Comments on M Theory Dynamics on G2 Holonomy Manifolds

TL;DR

This paper investigates M-theory dynamics on G2 holonomy manifolds, analyzing their moduli spaces, superpotentials, and effects of symmetry breaking, with implications for membrane instantons and gauge symmetry.

Contribution

It provides a detailed analysis of G2 manifolds as quotients of the spin bundle over S^3, including moduli space structure, superpotentials, and the impact of Wilson lines, highlighting new geometric and physical insights.

Findings

Smooth interpolation between three classical geometries.

Explicit superpotentials for M-theory on these quotients.

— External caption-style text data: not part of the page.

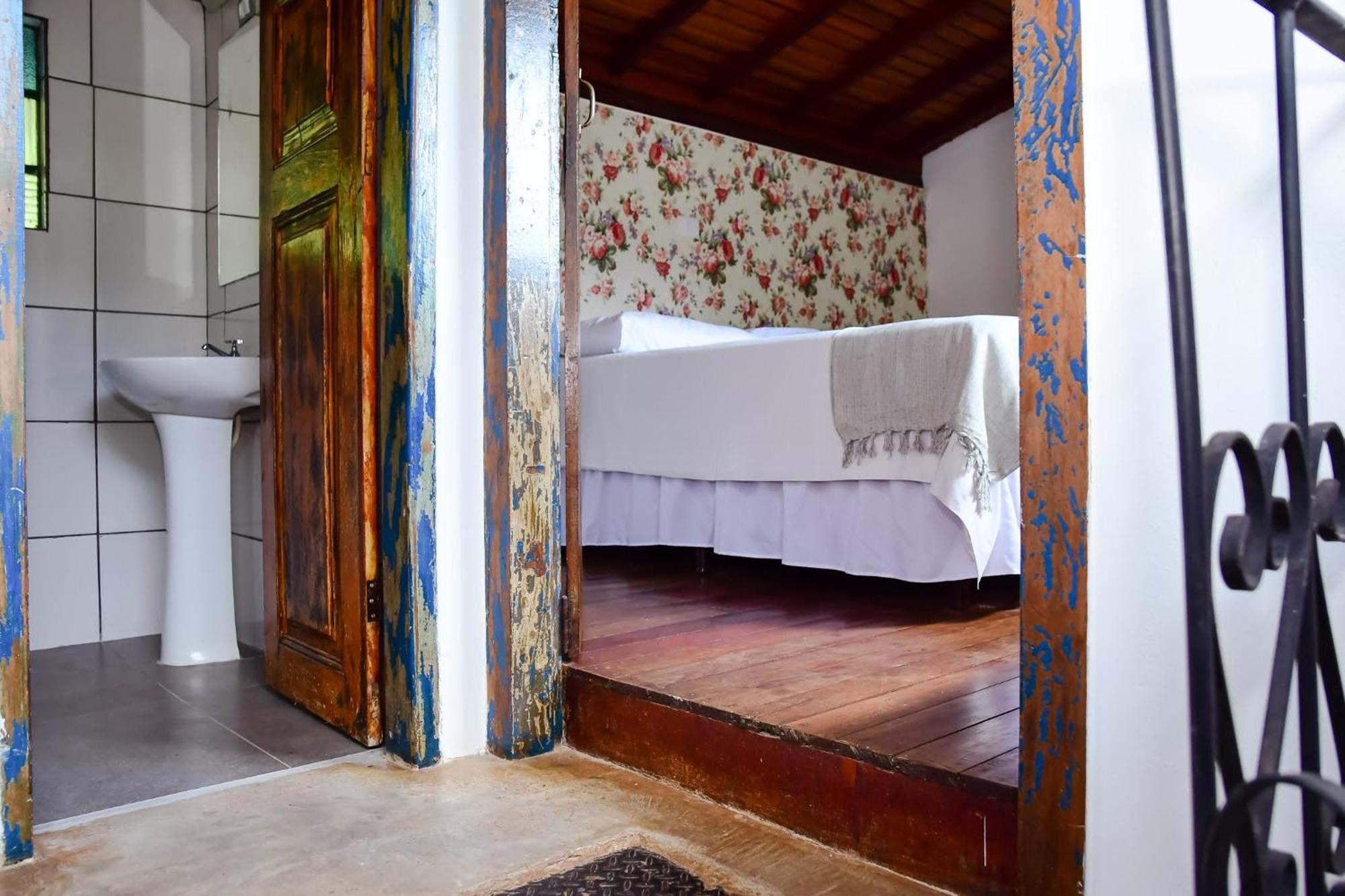 Hotel Fazenda Cachoeira Da Furna Sao Pedro  Zewnętrze zdjęcie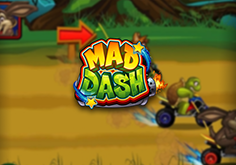 Mad Dash Slot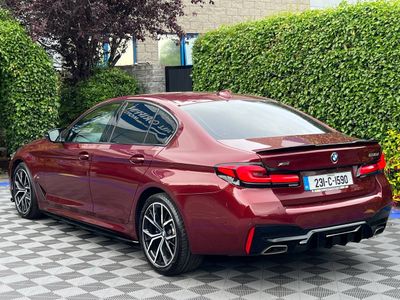 2023 BMW 5 Series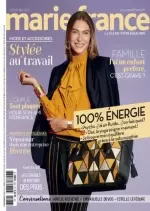 Marie France N°263 - Novembre 2017 [Magazines]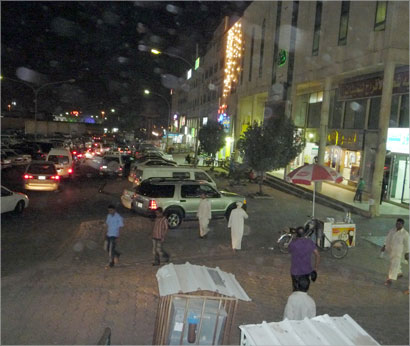 ساحة أسواق الجليب 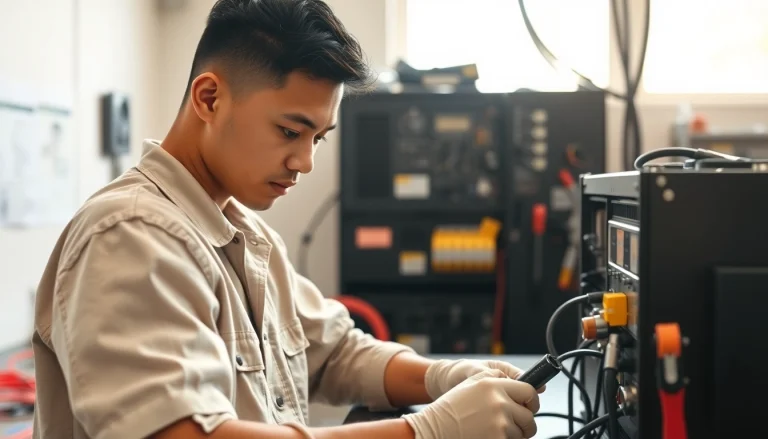 Learn about electrician apprenticeship hawaii through hands-on training and modern tools.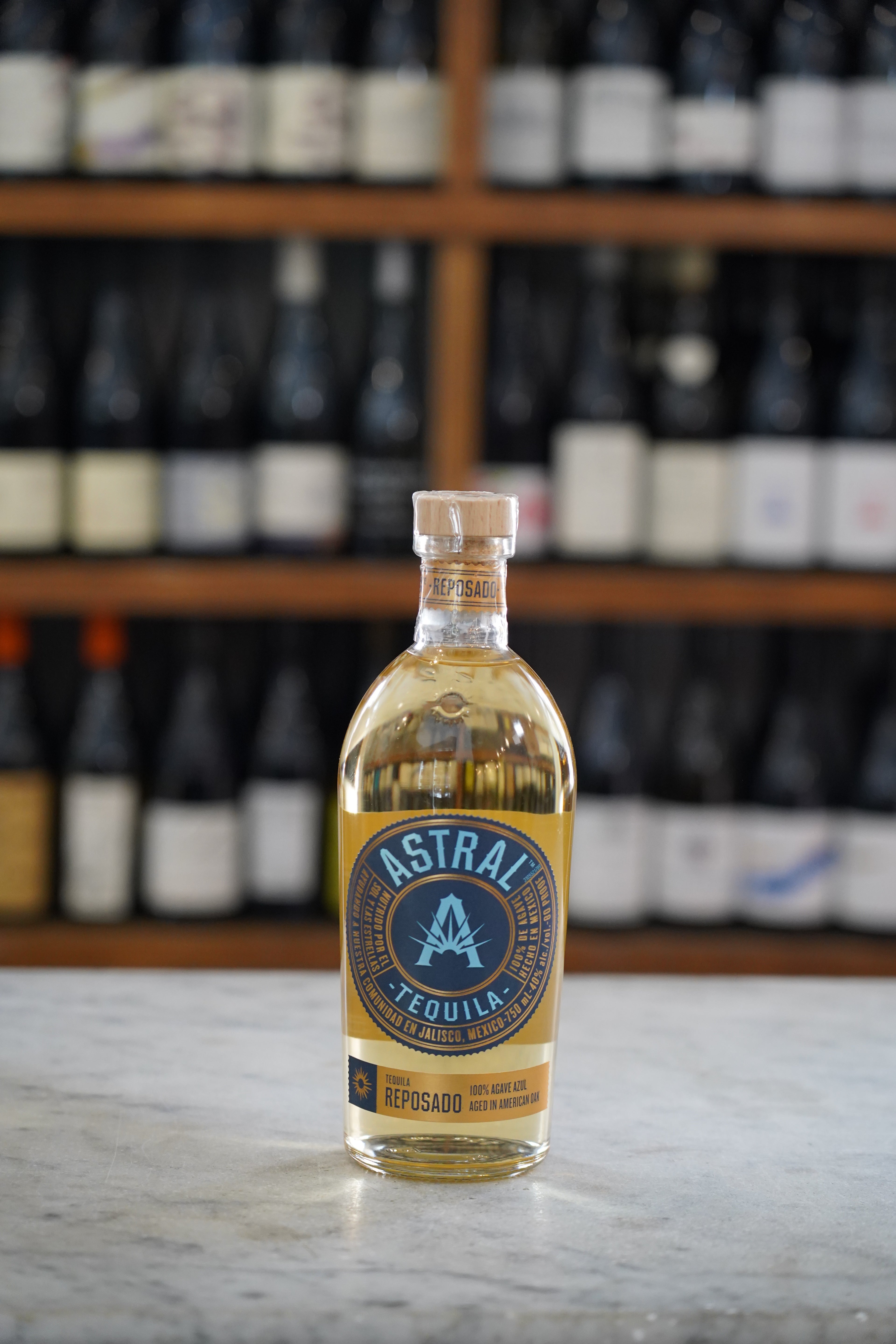 Astral Reposado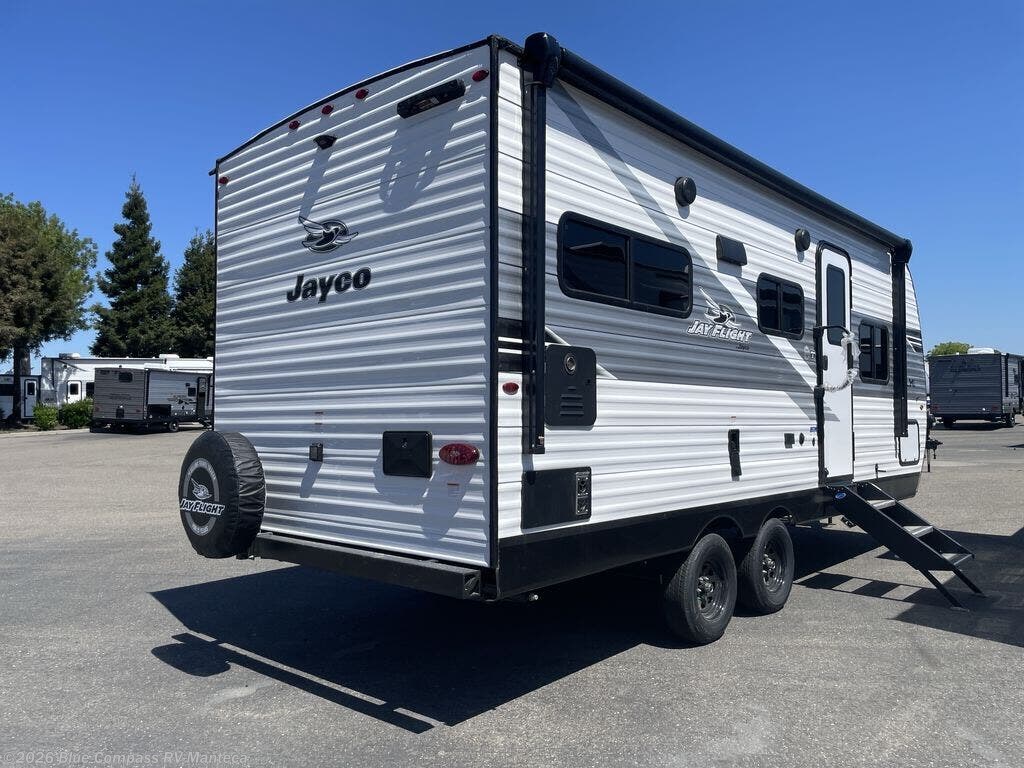 2026 Jay Flight SLX 200MKSW by Jayco from Blue Compass RV Manteca in Manteca, California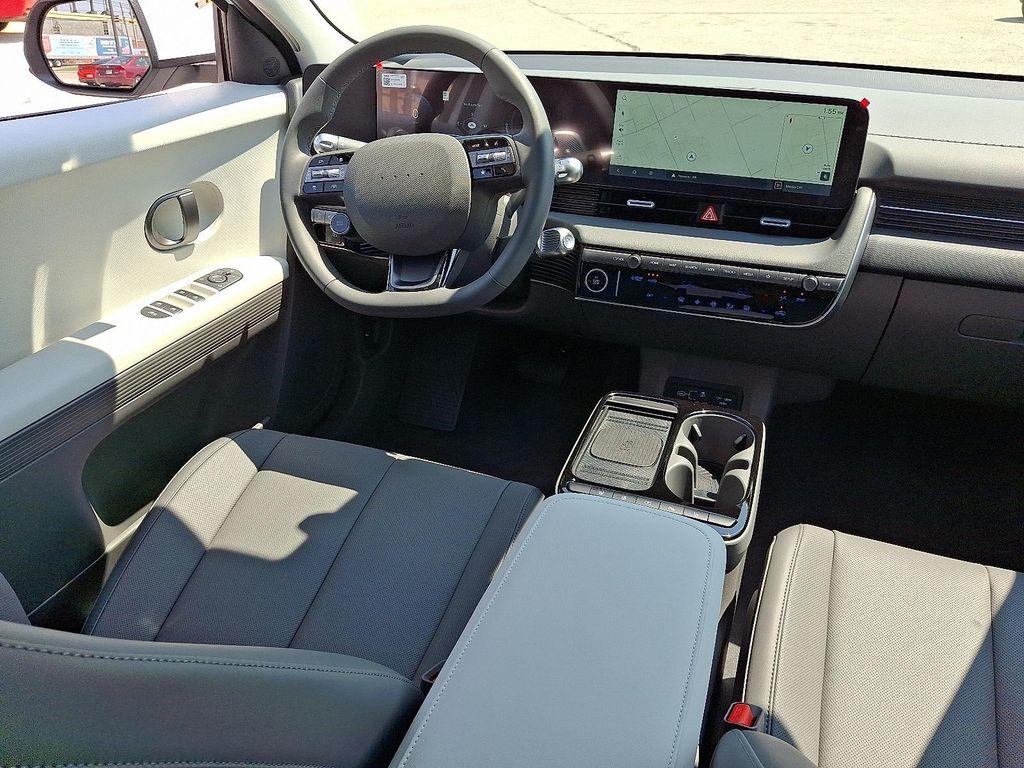 new 2025 Hyundai IONIQ 5 car, priced at $55,115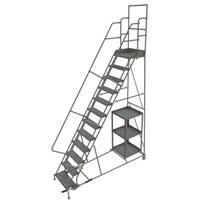 Stock Picking Rolling Ladder Par Equipment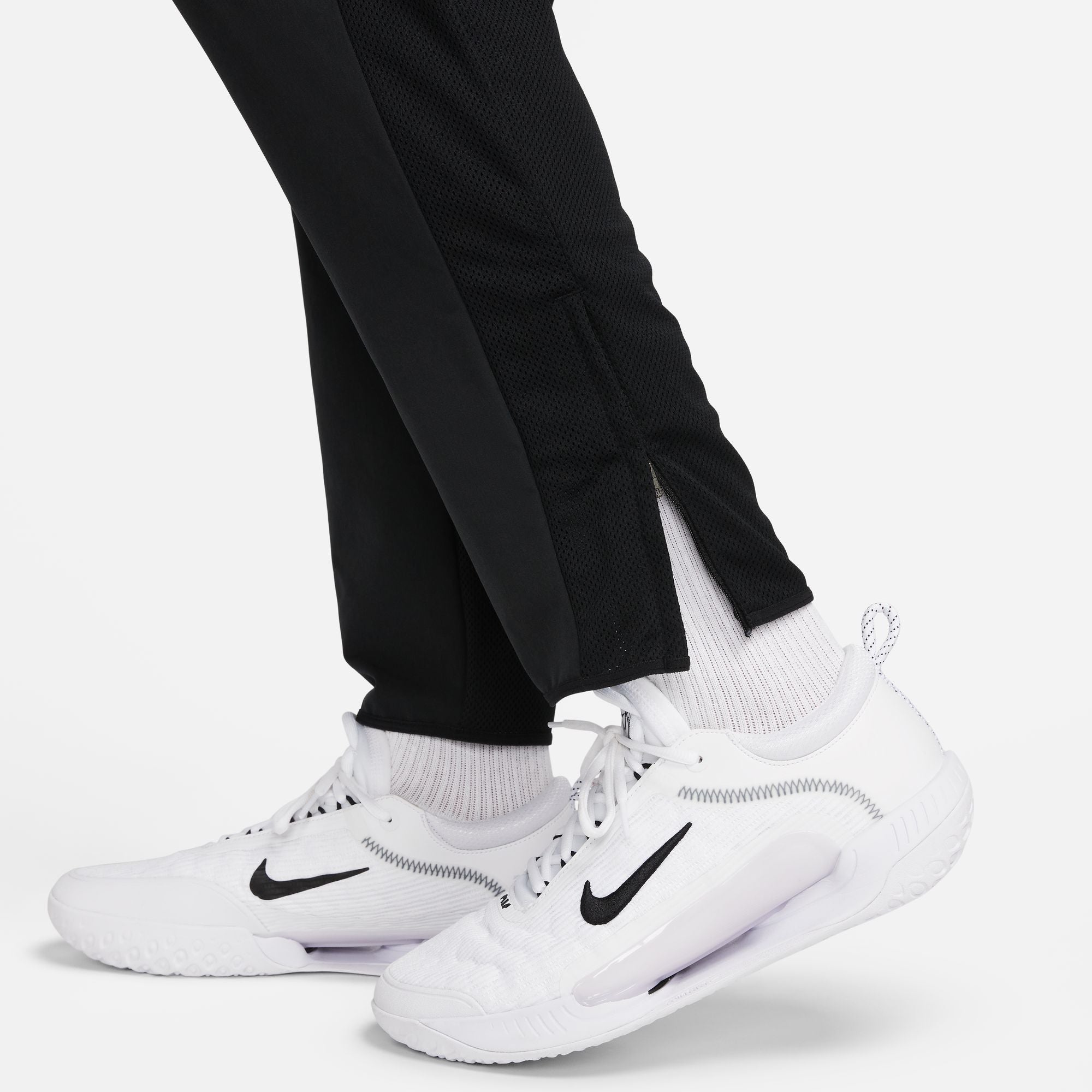 NikeCourt Advantage Men's Tennis Pants Black (5)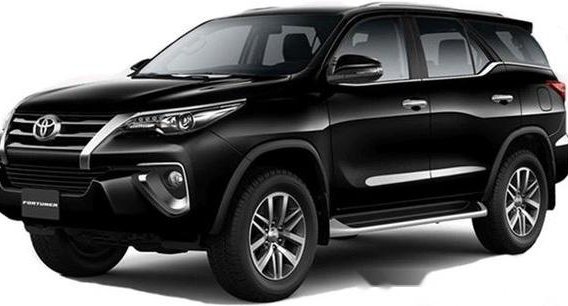 Selling Toyota Fortuner 2019 Automatic Diesel-8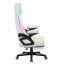 Компьютерное кресло huzaro Force 4.6 RGB White Винница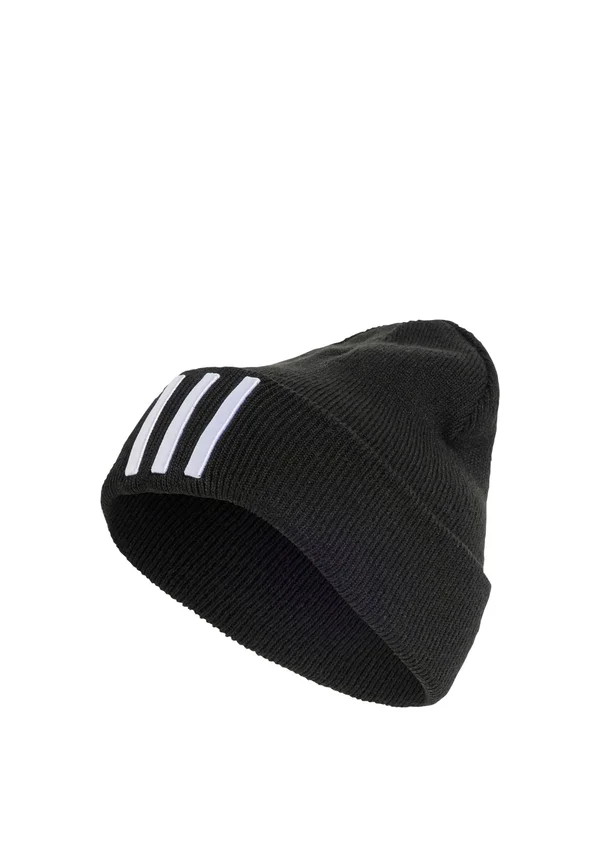 3-STRIPES - Mütze - black   white
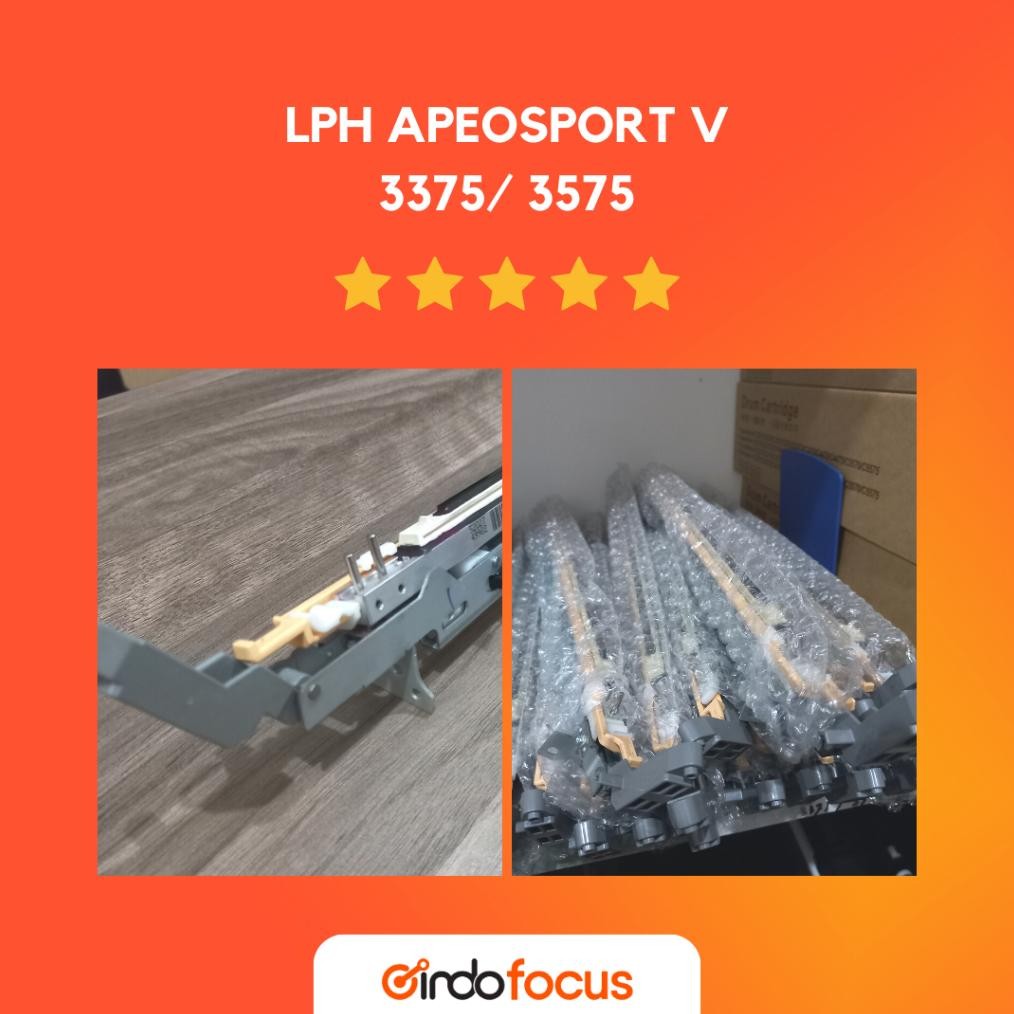 Berkualitas LPH Laser Print Head Xerox ApeosPort-V C3370 3371 C3373 C4470 C5570 5570 3370 5575 - IND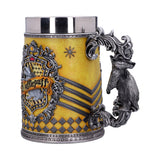 Harry Potter Hufflepuff Collectible Tankard - Tankards at Gift Moments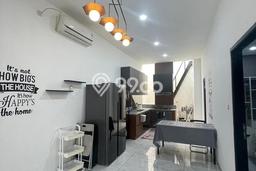 Dijual Cepat Rumah Minimalis & Modern LB 111m2 di Alam Sutera Dijual Cepat Rumah Minimalis & Modern LB 111m2 di Alam Sutera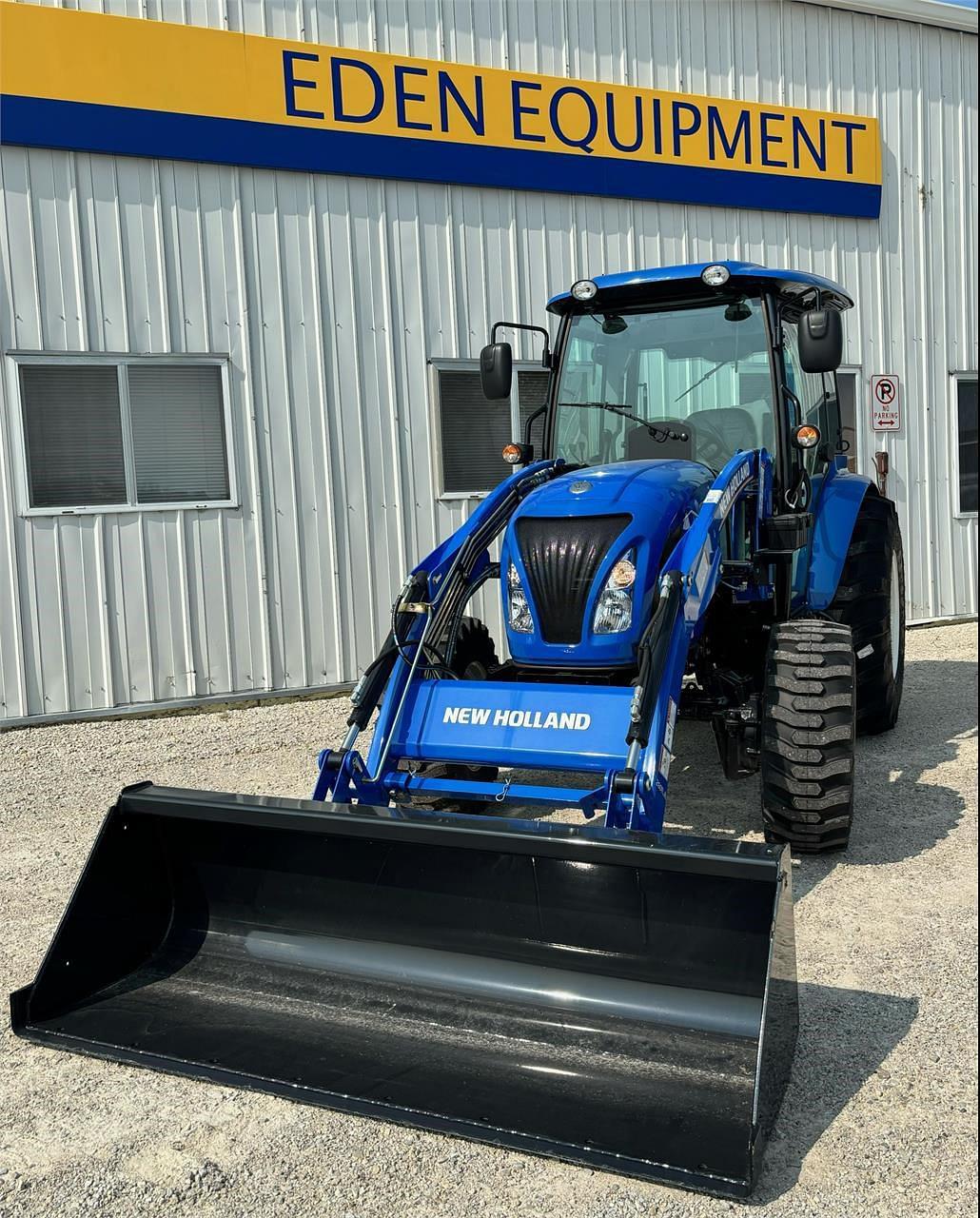 Image of New Holland Boomer 55 Primary image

Insights into membrane instanton effects and gauge symmetry breaking.

Abstract

We study the dynamics of M-theory on G2 holonomy manifolds, and consider in detail the manifolds realized as the quotient of the spin bundle over S^3 by discrete groups. We analyse, in particular, the class of quotients where the triality symmetry is broken. We study the structure of the moduli space, construct its defining equations and show that three different types of classical geometries are interpolated smoothly. We derive the N=1 superpotentials of M-theory on the quotients and comment on the membrane instanton physics. Finally, we turn on Wilson lines that break gauge symmetry and discuss some of the implications.